Ich fieberte die letzten Momente meiner Reise regelrecht darauf hin nach Hause zu kommen. Das meinte in meinem Kopf, seine Nähe zu spüren. Ich fühlte mich Nähe ausgetrocknet. Kuscheln: das war das was ich herbeisehnte.
Und dann war ich zu Hause und er sagte mir, dass er mich nicht sehen will. Das sei ihm zugestanden. Zumal er einen Tag vorher operiert worden ist und sich zu Hause auskuriert. Ich wusste das. Trotzdem hatte ich gehofft, dass er auch Nähe brauchen kann, dass ich mich um ihn kümmern kann, ihm gut tue. Sein Nein führte mir meinen fatalen Fehler vor Augen. Meine riesige Erwartungshaltung, Als er mir sagte, dass er lieber allein sein will, da konnte ich meine Enttäuschung nicht verbergen. Vor meinen Augen lief so oft der Moment ab, wenn wir uns wieder sehen und wir uns nahe sind. Und dann die Enttäuschung, dass er mich nicht sehen will. Doppelt bitter, weil er sich zusätzlich noch schlecht fühlt, weil er meine Enttäuschung gesehen hat und nun ein schlechtes Gewissen hat. Dabei ist es ja grundsätzlich völlig okay zu sagen „Sorry, heute bin ich lieber allein“
Jetzt sitze ich also hier. Allein. Einsam. Der einzige Mensch allein in der Kneipe. Beim Schreiben muss ich mich zusammenreißen, dass mir nicht die Tränen kullern und ich ein noch komischeres Bild abgebe. Warum genau wollte ich heim? Warum?

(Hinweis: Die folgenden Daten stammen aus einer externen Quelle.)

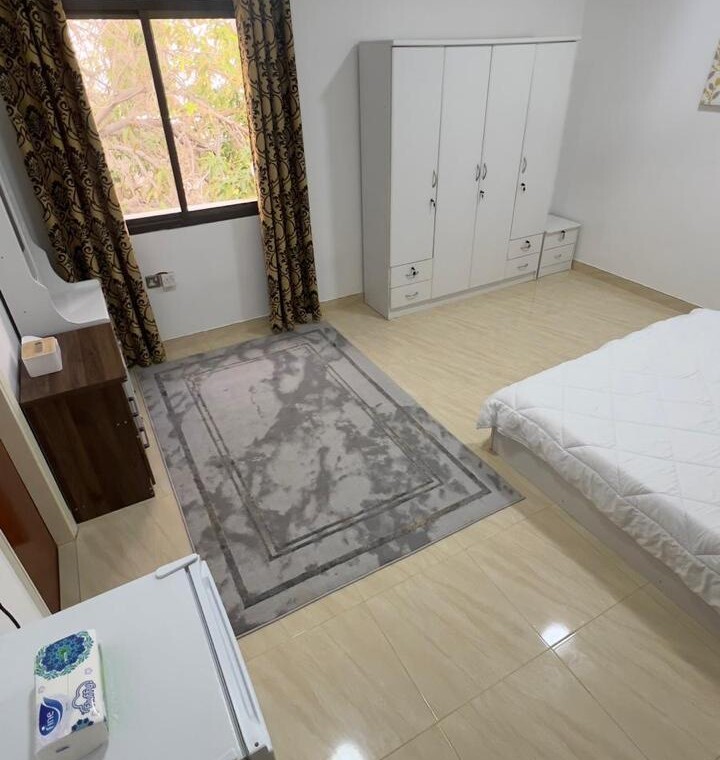 هاستل میراث 6825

Dahin, wo niemand auf mich wartet. Niemand. In eine Wohnung, in der noch immer das blanke Chaos herrscht und sich nichts nach zu Hause anfühlt. Um beim Anziehen für die Kneipe nochmal zu merken, dass ich mich nach dem Urlaub natürlich noch fetter fühle als vorher eh schon. Unattraktiv, ungeliebt, unordentlich. Als ich im Urlaub Sport machen wollte hat mein Körper erst mal kapituliert. Was ein ungewohntes Gefühl ist. Ich habe genug Sporterfahrung, habe einen Präventions-Trainerschein. Bisher ist es nur immer dran gescheitert, dass ich mich nicht aufraffen konnte. Jetzt hatte ich nach dem Sport fünf Tage so dermaßen Kreuzschmerzen. Das Älter werden und ein Urlaub, in dem mich nicht mal mit dem Arsch jemand angeschaut hat, setzten dem ganzen noch einen drauf. Ob ich zu Hause bin, oder nicht, würde nicht mal jemand merken.
Ich weiß niemand wird mir aus diesem Tief raushelfen. Das kann ich nur selbst tun. Heute Abend jedenfalls stecke ich ganz tief im Selbstmitleid. Und werde das tun, was mir immer hilft. Schlafen. Denn am nächsten Morgen sieht die Welt immer besser aus. Und zumindest die anderen Kollegen freuen sich wenn ich morgen wieder da bin.